No laws are being changed, but the move is apparently designed to “encourage the use of age verification technologies”, and create an environment where sites and services online can more easily employ restrictive age checks that may violate the letter of the law.
If you’ve ever been thinking about legally implementing questionable age restriction technology on a website, in other words, now is the time to try it. The FTC now says it won’t enforce its rules against collecting children’s data as long as you use their data only for age verification and not for anything else.
The Children’s Online Privacy Protection Rule (COPPA), passed in 1998, does not have a regulation directly governing age restriction rules. It focuses on what data a site can collect about children under 13 without parental permission. For example, in 2019, Google was fined $170 million for collecting data on children using YouTube and using it for ad targeting – a COPPA violation.
So if you’ve ever wondered why a popup asking when you were born, and enforced only by the honor system, is the only thing standing between you and an evil, evil website about beer, the answer is COPPA. Simply asking someone to self-report their age doesn’t actually create enough personal data that an advertiser would be tempted to buy it.

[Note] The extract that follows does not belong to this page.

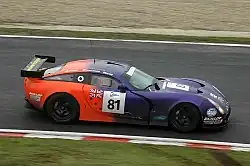 Photographie d'une voiture de grand tourisme violette, orange, noire et blanche, vue de haut et de profil, sur une piste.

But last month, the FTC held a virtual event called an “Age Verification Workshop,” which featured panels with titles like “Navigating the Regulatory Maze of Age Verification.” The FTC’s description says the program will focus on “the interplay between age verification technologies and the Children’s Online Privacy Protection Act (COPPA rule).”
Legal commentators at law firm Wiley Rein, who attended the meeting, wrote that FTC Chairman Andrew Ferguson said during the event, “A potential amendment to our own COPPA rulemaking that would bring age verification technologies into compliance with COPPA” should be expected soon.
However, this latest development is not a regulatory amendment or rollback. In a press release, the FTC says it will essentially look the other way at data-gathering technology, as long as it is simple enough, not retained unnecessarily long, disclosed only to (obviously) trusted third parties, used in conjunction with parental notification, and kept secure.
“In the coming months, the Commission intends to initiate a review of the COPPA rule to address the age-verification mechanism,” the policy statement said. Therefore, this rule may be further relaxed soon.